Recurrent variants present in the LOVD database and their geographic origin (variants reported twice or more in independent families; homozygotes counted as one; variants from relatives not counted). Variants reported in dbSNP only and reported in dbSNP with an allele frequency >∼2% are omitted from this figure. Black filled cells represent that the variant has been detected once or more in a country. Cells are filled dark gray in case a variant was reported in a group consisting of individuals from multiple geographic origins. If both current country and the country of original descent are known, for both countries the cells are filled. N/W/S/E-Eu(rope): Northern/Western/Southern/Eastern Europe; Am: (North) America; CN: China; JP: Japan; KR: South Korea; IN: India; PK: Pakistan; IR: Iran; TR: Turkey; CG: Congo; NG: Nigeria; MA: Morocco; TN: Tunisia; UK: United Kingdom; IE: Ireland; FI: Finland; SE: Sweden; DK: Denmark; NL: The Netherlands; BE: Belgium; DE: Germany; CH: Switzerland; FR: France; IT: Italy; PT: Portugal; ES: Spain; GR: Greece; YU: (former) Yugoslavia; PL: Poland; CZ: Czech Republic; CA: Canada; US: United States; AU: Australia; NZ: New-Zealand. The variant spectrum might not be complete for all countries and biases may exist, due to differences in detection methods and numbers of tested patients.

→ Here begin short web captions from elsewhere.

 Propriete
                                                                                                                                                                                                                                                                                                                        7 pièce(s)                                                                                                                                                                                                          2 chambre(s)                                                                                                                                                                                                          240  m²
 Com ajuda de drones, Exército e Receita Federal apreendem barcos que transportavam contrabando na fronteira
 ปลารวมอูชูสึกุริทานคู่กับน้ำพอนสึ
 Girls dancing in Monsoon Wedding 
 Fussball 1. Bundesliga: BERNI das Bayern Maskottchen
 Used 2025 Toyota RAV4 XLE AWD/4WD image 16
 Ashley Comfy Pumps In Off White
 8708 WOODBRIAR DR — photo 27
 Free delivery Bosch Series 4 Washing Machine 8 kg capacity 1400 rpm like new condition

The MUTYH Gene Variant Database in LOVD Format

The pathogenic effect of the common p.Tyr179Cys and p.Gly396Asp variants is beyond doubt (Table 2), but the effect of many other MUTYH variants remains uncertain. In contrast to pathogenic APC variants, which mostly result in a truncated protein, most pathogenic MUTYH variants are missense variants. The effect of missense variants on protein function is difficult to predict. For determining the pathogenicity of a variant, sufficient data about the functional effect and the context in which variant has been found are essential. Since 2005, we have developed an interactive MUTYH Leiden Open access Variation Database (LOVD) (www.lovd.nl/MUTYH), to serve as an international resource for current and future MUTYH variant and phenotype data.

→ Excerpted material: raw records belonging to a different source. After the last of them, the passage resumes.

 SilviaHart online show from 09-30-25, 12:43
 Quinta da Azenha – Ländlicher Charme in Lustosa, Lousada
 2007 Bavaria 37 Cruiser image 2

Table 2. Functional In Vivo and In Vitro Assays Performed for MUTYH Variants in Human Transcripts
original image

We selected the LOVD software because it is user-friendly, freely available, and the software of choice for many other locus-specific databases (LSDBs) (www.hgvs.org, www.lovd.nl) [Fokkema et al., 2005]. Recently implemented software features are the links to view LOVD variants in the UCSC genome browser (Supp. Fig. S1) (http://genome.ucsc.edu/) and NCBI viewer (www.ncbi.nlm.nih.gov/projects/sviewer/) and the possibility of linking next generation sequencing data to LOVD data with the GAPSS pipeline (www.lgtc.nl/GAPSS).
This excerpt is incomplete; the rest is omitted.